- _The task_: What is needed is a verbatim copy of the data, minus the pictures.
(Data section)
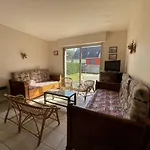 Rdc Avec Jardin A 500m De La Et 800m Des Commerces - Fr-1-361-493 瑞卢维尔莱潘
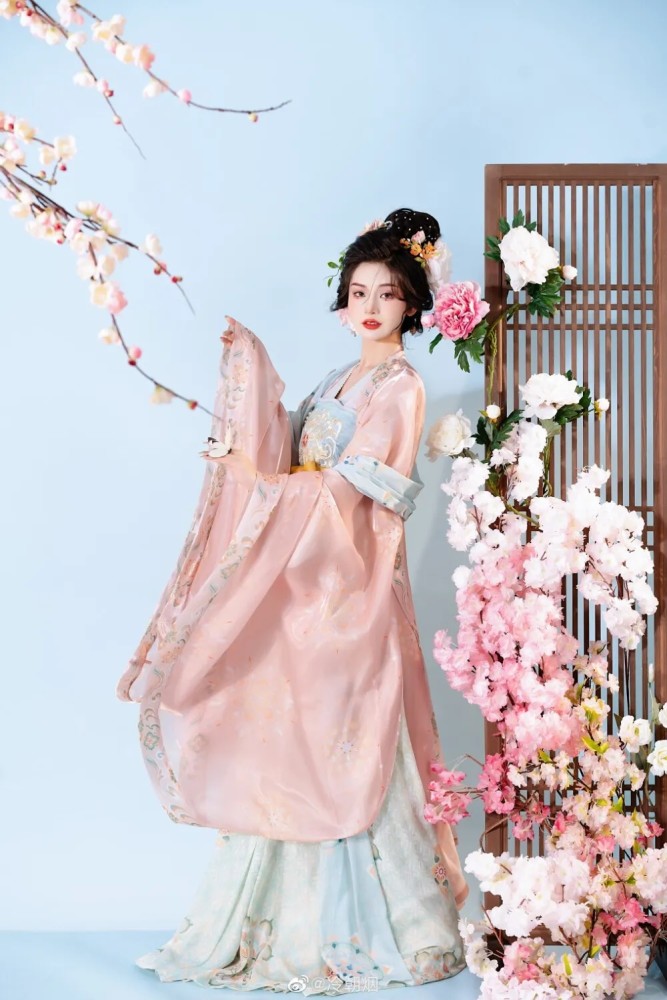 古风真人女生头像:想把你温柔的装进兜里,与你一起享受晚间微风的温柔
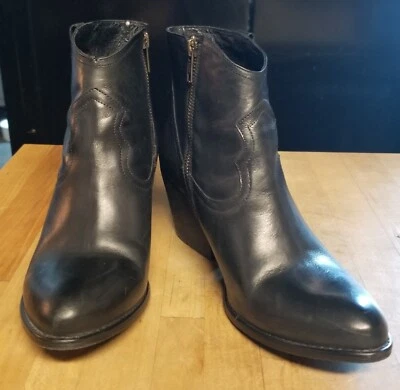 Coolway women's black leather Western style  booties size 10/41 - Image 1 of 4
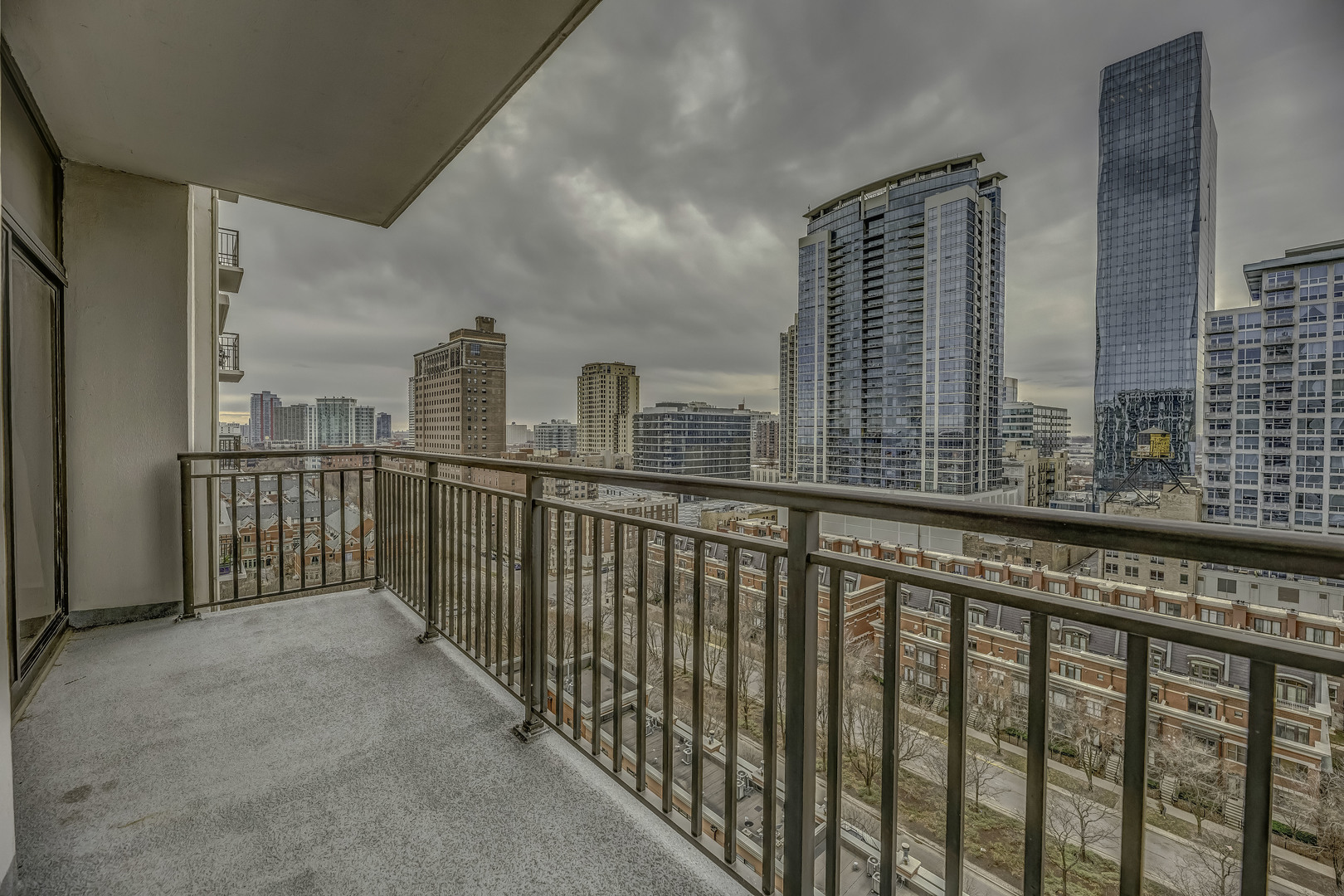 1322 S Prairie Avenue Unit: 1307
(End Data section)
- _Response box_:
 Rdc Avec Jardin A 500m De La Et 800m Des Commerces - Fr-1-361-493 瑞卢维尔莱潘
 古风真人女生头像:想把你温柔的装进兜里,与你一起享受晚间微风的温柔
 Coolway women's black leather Western style  booties size 10/41 - Image 1 of 4
 1322 S Prairie Avenue Unit: 1307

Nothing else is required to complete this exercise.